Due to Gadot and Zegler’s opposing stance on the Israeli-Palestinian conflict, rumors flew about on-set discord. However, David Hale Hand, the son of Disney animator David Hand, was more concerned about how the upcoming film will alter the original’s story.  In an interview with Page Six, the 93-year-old Hand, said he had no plans to watch the Snow White movie as he is upset with apparent changes made to the film. His dad served as the supervising director for Bambi and the original Snow White and the Seven Dwarfs. “The original was the way it should be. From what I’ve read, [the new film] bears no reflection to the original story,” Hand said. “It’s so far off base that it’s ridiculous.” Even though he hasn’t seen the film, he added that the supposed changes made to it are enough to make his father and Walt Disney “roll in their graves.”

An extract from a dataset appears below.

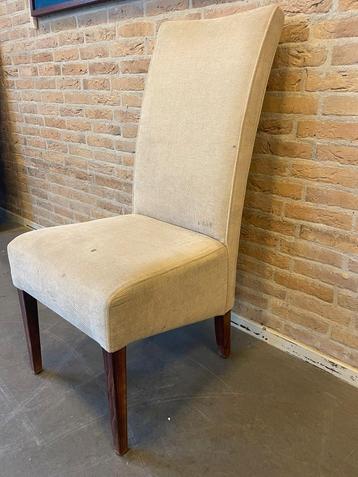 Gratis zitbanken en stoelen / free couches and chairs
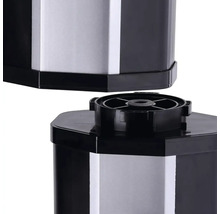 Detailní pohled na dvoudílnou černou a stříbrnou nádobu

And PEOPLE’s Nicholas Rice threw another log onto the controversy fire:

Elsewhere, Snow White has been called out by Peter Dinklage, who was born with a form of dwarfism called achondroplasia. He accused Disney of “hypocrisy,” citing the fairy tale’s “backwards story about seven dwarfs living in a cave together.” (Disney opted to use CGI to bring the characters to life.). nSpeaking about the concerns with using real people to portray the seven dwarfs, Klebba told THR, “I don’t usually get into the political stuff, but I [felt], ‘Dwarfs aren’t going to go away just because you can’t imagine that they’re there.’ We’re still going to be walking around.”

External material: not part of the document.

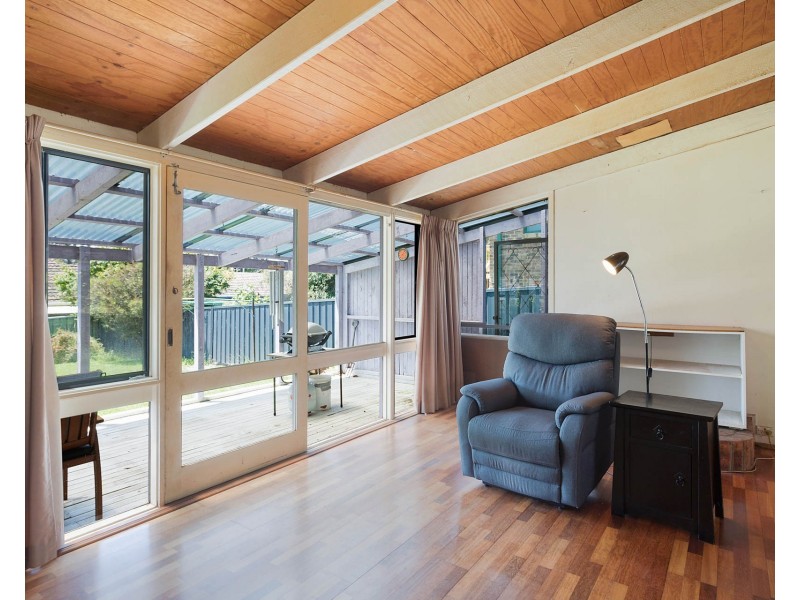 6 Tatiara Street, Dalmeny NSW 2546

And just for good measure, Zegler also weighed on her creative issues, as Martin’s coda graf revealed:
Zegler has questioned the original version, calling the storyline “extremely outdated.” She also likened the prince to a “stalker” and stated that the 1937 original was “weird.” Throw in the political headaches Disney definitely wants no part of, and you have a recipe for PR disaster. Will Disney recoup their extensive budget on Snow White? It’s hard telling, but it’s not looking great.
Zegler may believe she has generational entitlement to offer her take to a world of what she likely sees as antithetical old farts.  It would be too simple to call her “woke”, and I suspect she’d resent such classification.  But she should be smart enough to know what Disney thinks of the term.  I worked on a Hulu series with that name; an all-but-forgotten 16 episodes of San Francisco-based “comedy” that featured FARGO’s Lamorne Morris in the lead.  It was released in the teeth of the pandemic, grudgingly renewed in the wake of a relentless pitch from then-supportive Sony TV management, and then proceeded to be a complete afterthought in season two and one of the first casualties of the new Sony regime that took root at that point, essentially joining Hulu in indifference.  You’d have to go deep in the weeds to find it on Hulu, and honestly, I can’t say it would be worth your effort.

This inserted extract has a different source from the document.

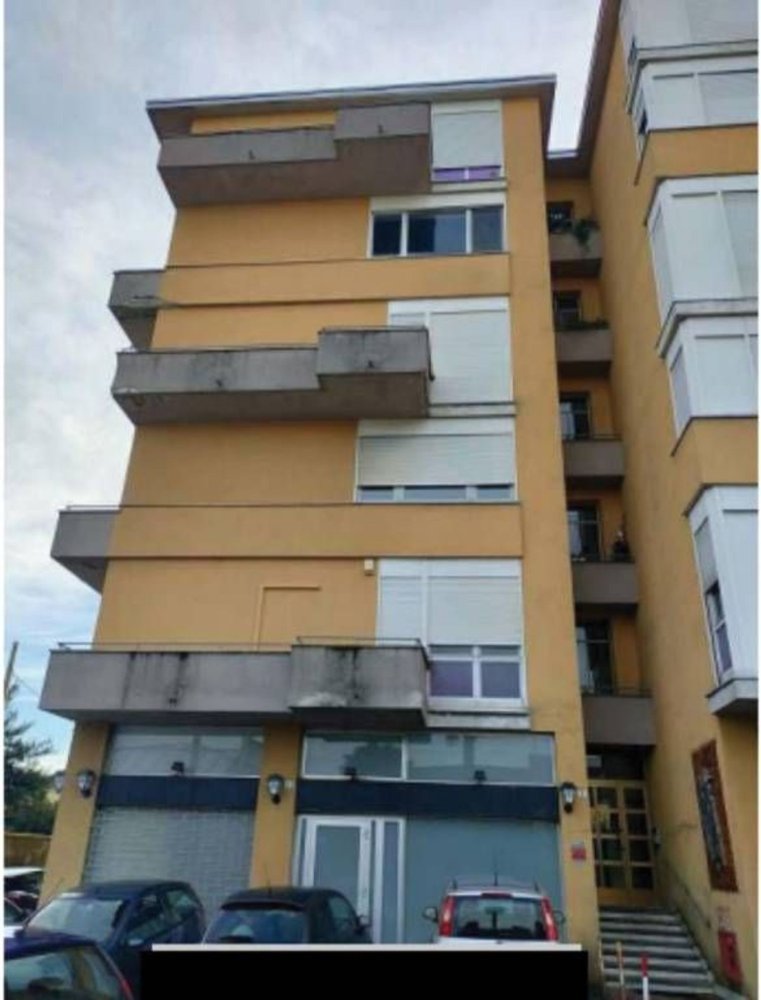 3غرفة شقة في Cardano al Campo, Italy رقم 5370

So hey, if you realized that, not to mention possibly clicked on a website in recent months to see how the relationship between Disney and its uberfans is being impacted by everything else, maybe, just maybe, you might want to not bite the hand that feeds you?
Zegler is indeed a talent, but at this point being a political lightning rod and potentially a significant reason why people may not want to show up won’t bode well for her doing much more than theatre and independent films for a good while.   That may be personal, but it’s also business.
Someday, if not her prince, Zegler’s enlightenment will come.